Langwierig

Entscheidung über Schadenersatz für Apple

Das große Patentverfahren von Apple und Samsung in Kalifornien geht in die nächste Runde. Diesmal soll geklärt werden, wie hoch der Schadenersatz für Apple ausfällt. Im August 2012 hatte Geschworene dem iPhone-Konzern mehr als eine Milliarde Dollar zugesprochen.
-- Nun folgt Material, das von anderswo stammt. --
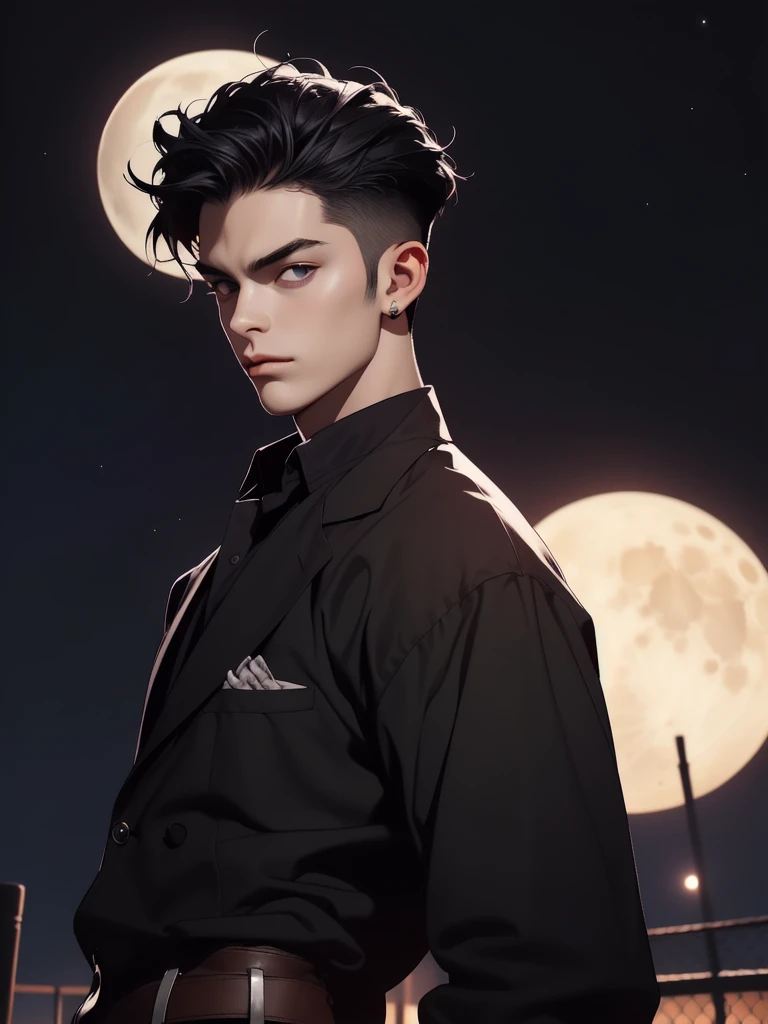 ((Best quality)), ((masterpiece)), 8k (detailed), ((perfect face)), ((male)), perfect proporcions, ((halfbody)) he is a handsome vampire, he is 18 years old, he has black hair, gothic clothes, corset, bare chest, he extends his arms to his sides, he walks forward, there is a full moon behind him,There is a cemetery behind him ((perfect face)) ((vampire ambience)) night sky, (best quality,4k,8k,highres,masterpiece:1.2),ultra-detailed,realistic,professional,(portraits,concept artists),vivid colors,sharp focus,(landscape:1.1),HDR,studio lighting,(black hair:1.1),(purple eyes:1.1),muscualr,strong body,trained,suit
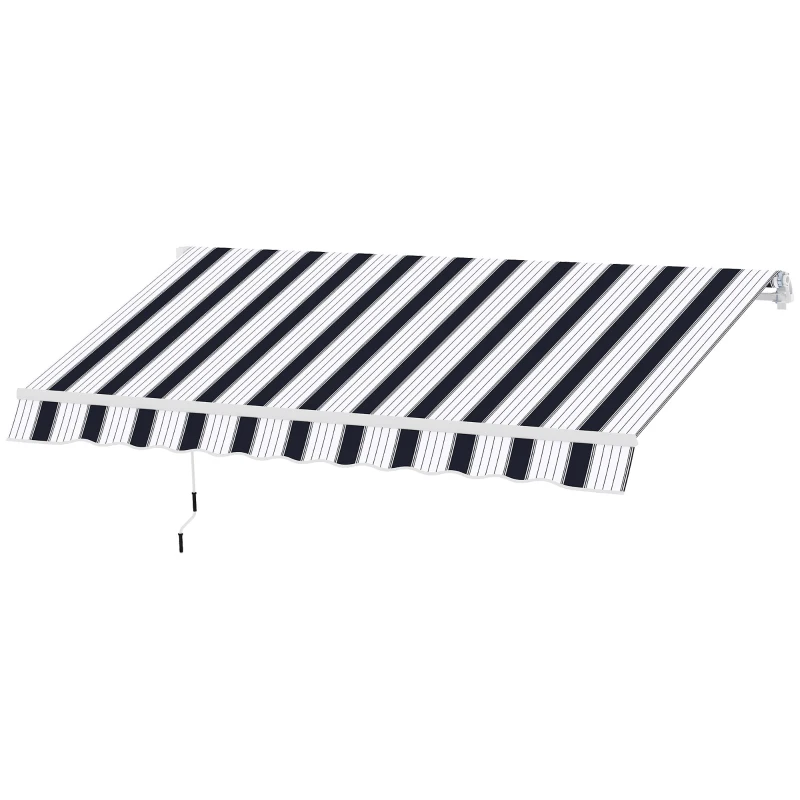 Outsunny 8' x 7' Retractable Awning, Patio Awnings, Sunshade Shelter with 280 g/m² UV & Water-Resistant Fabric and Aluminum Frame for Deck, Balcony, Yard, Blue and White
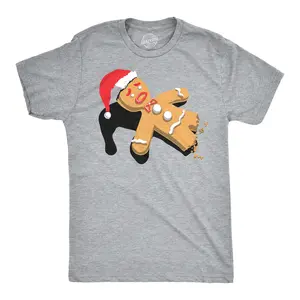 Half-Eaten Gingerbread Man t-shirt Funny Mens Christmas T-Shirts Mens Funny T Shirts Cool Vintage Fashion T-Shirt Gift Classic Menswear Christmas Apparel for Men Funny Food Short Sleeve Novelty Tees for Guys Light Grey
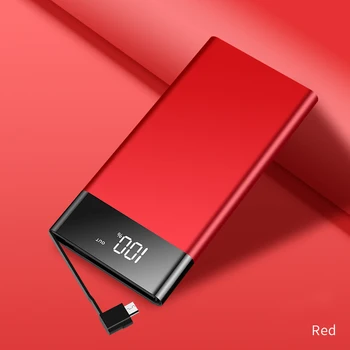 

Ultrathin Power Bank Self-contained line Powerbank Fast Charging External Battery LED LCD Quick Charge 3.0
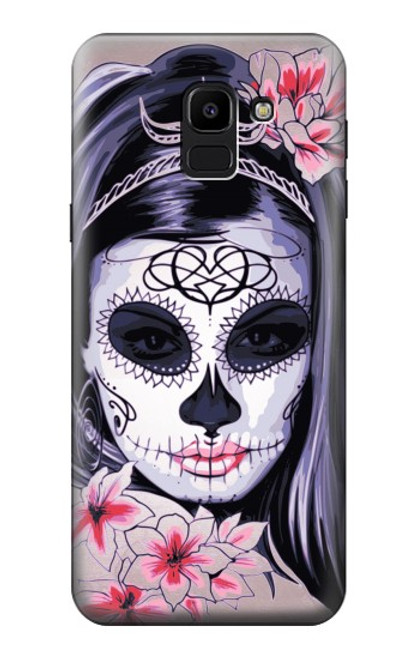 W3821 Sugar Skull Steampunk Fille Gothique Etui Coque Housse et Flip Housse Cuir pour Samsung Galaxy J6 (2018)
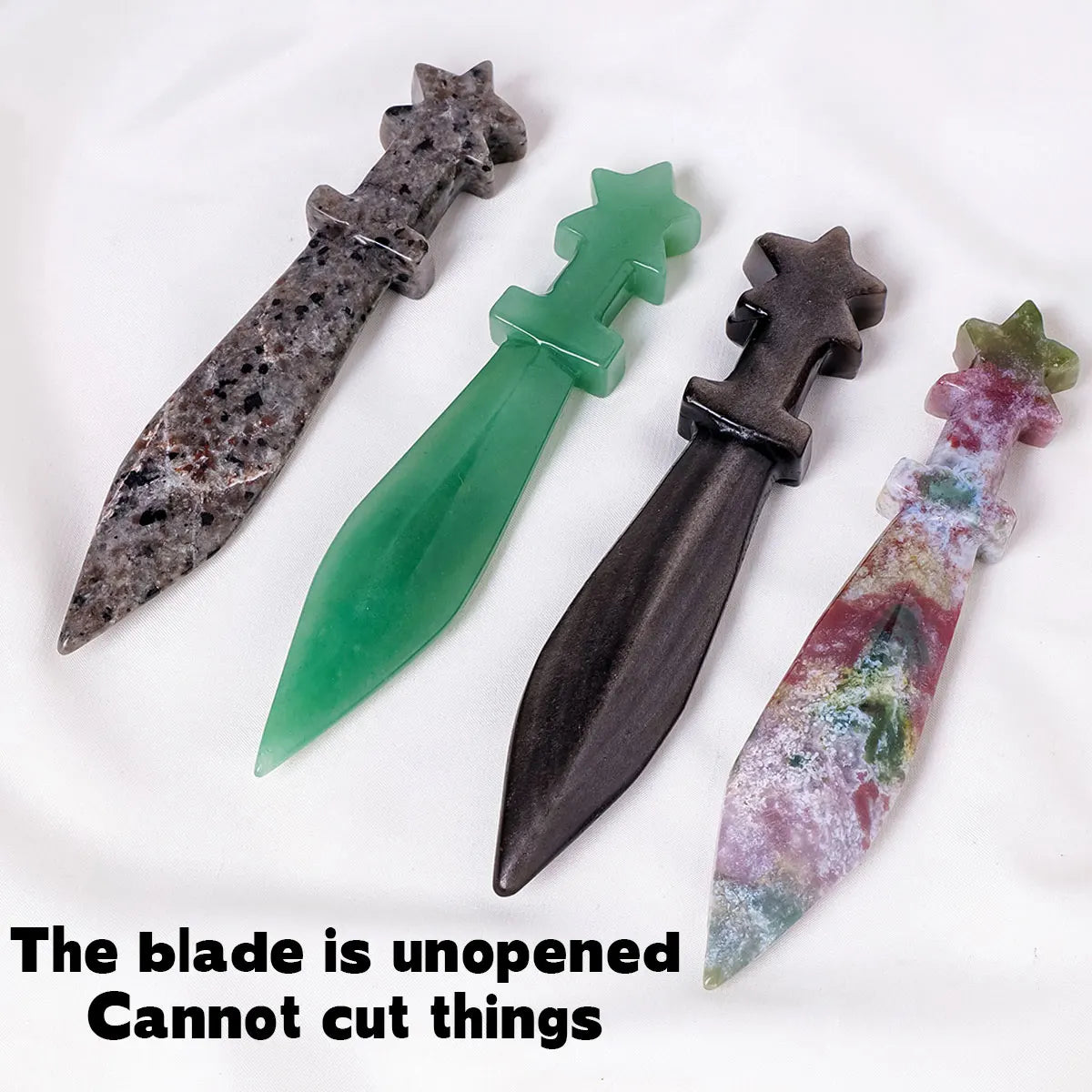 1PC Natural Crystal  Amethyst Dagger Original Stone Model Knife Polishing Unbladed Knife Model Crystal Crafts Crafts Witch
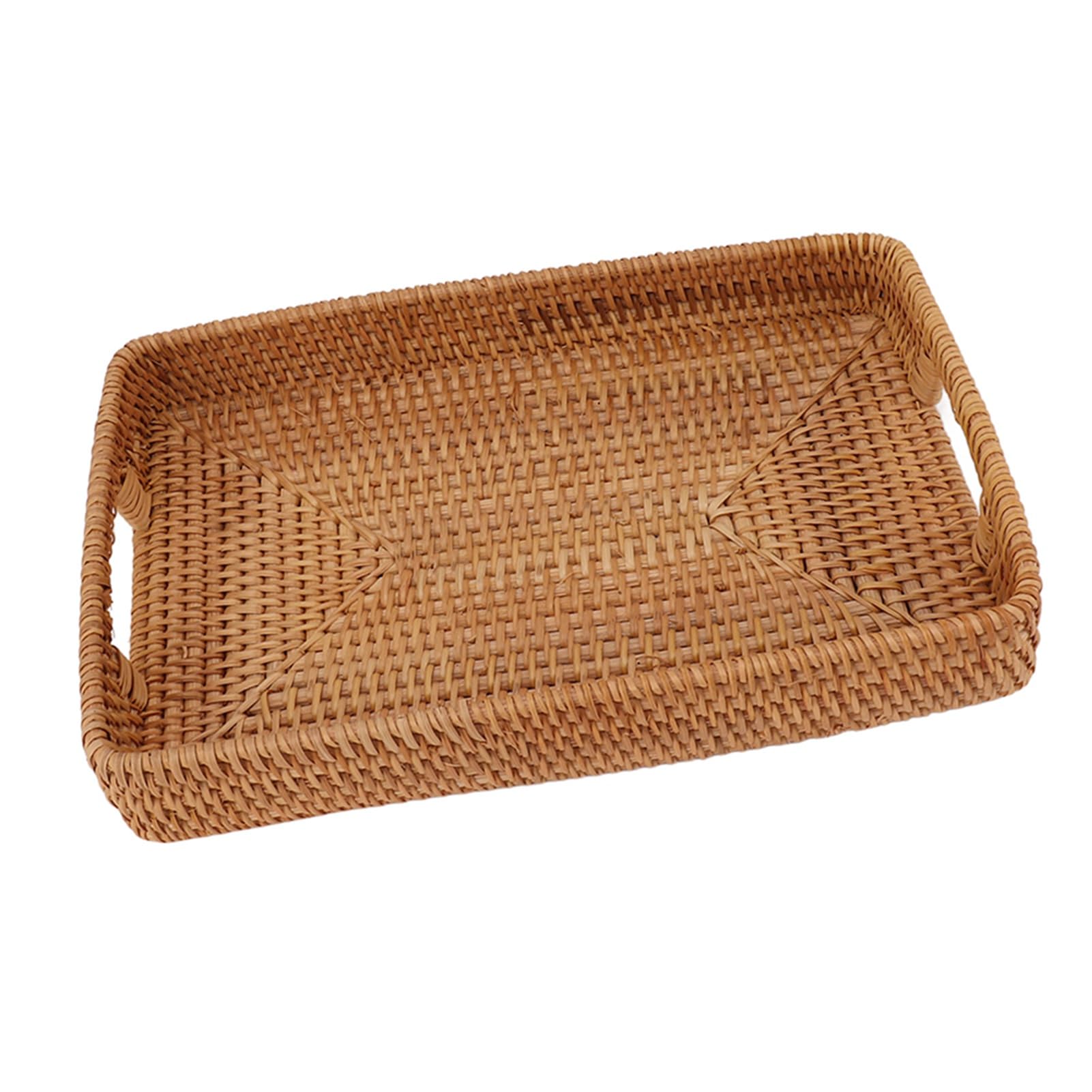 Fabater Bandeja de Ratán para Servir con Asas, Bandeja Decorativa Rectangular de Gran Capacidad para Frutas, Postres, Cocina, Hogar, Plato Tejido Duradero para Entretenimiento, Granja Ecológica (L)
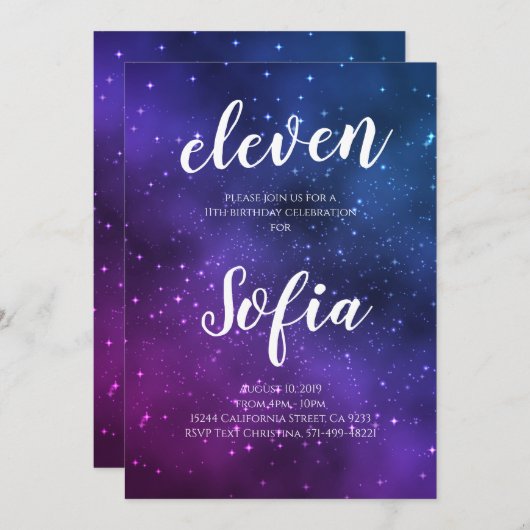 Invitation Fille Anniversaire Violet Étoiles Galaxy Universe (Devant / Derrière)
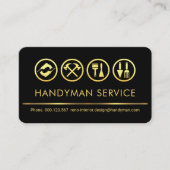 Stylish Retro Gold Tools Line Handyman 名刺 (正面)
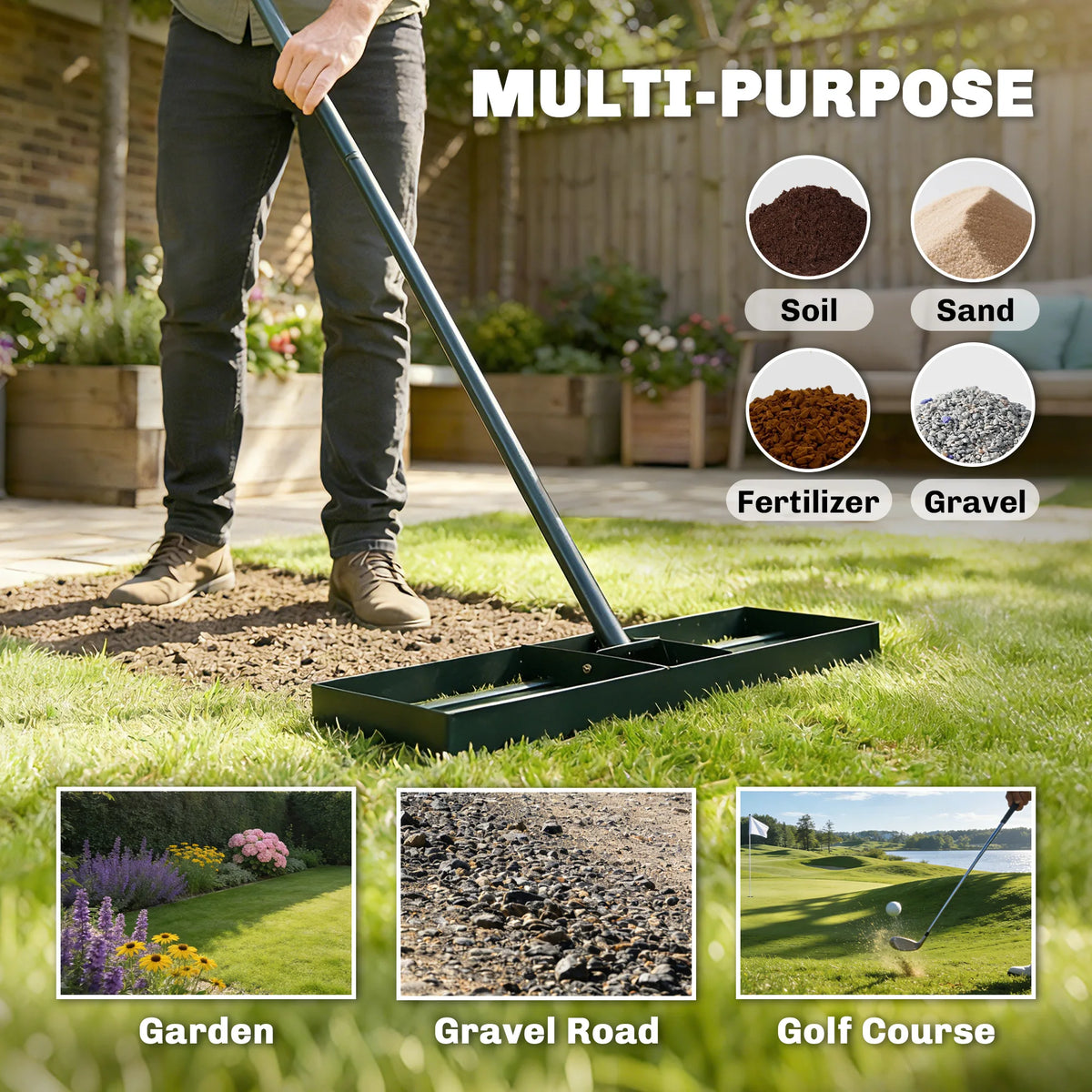 Professional Grade Steel Lawn Leveling Rake For Garden Care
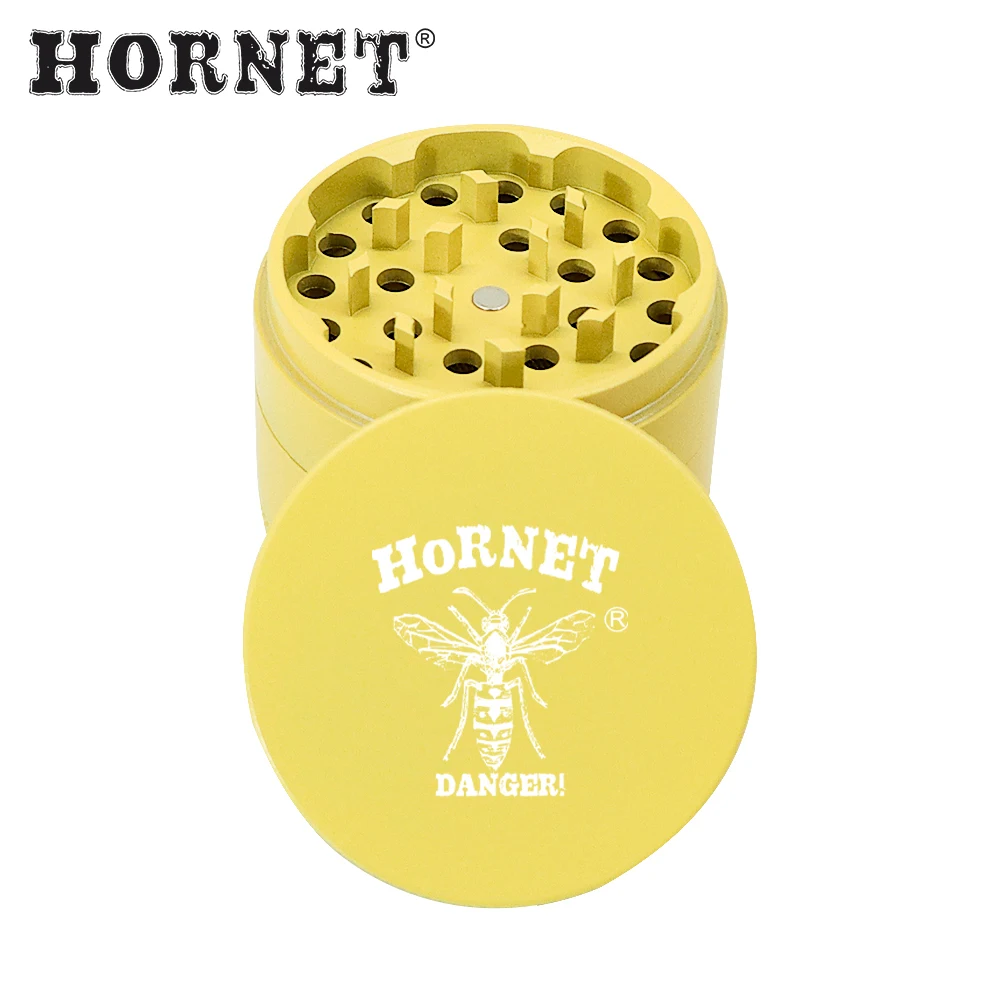 HORNET Aluminum 63MM 4 Layers Tobacco Herb Grinder Metal Non-Stick Smoking Herb Spices Grinder Crusher Smoke Accessories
Rechtsschutz© zimmytws / Fotolia.com

San Francisco (dpa/red) - Die zuständige Richterin strich fast 450 Millionen des zunächst angepeilten Betrages wegen Verfahrensfehlern. Jetzt soll eine neue Summe festgelegt werden. Am Dienstagabend europäischer Zeit sollte die Auswahl der Geschworenen in San Jose beginnen.

Wurden die iPhone-Verkäufe beeinträchtigt?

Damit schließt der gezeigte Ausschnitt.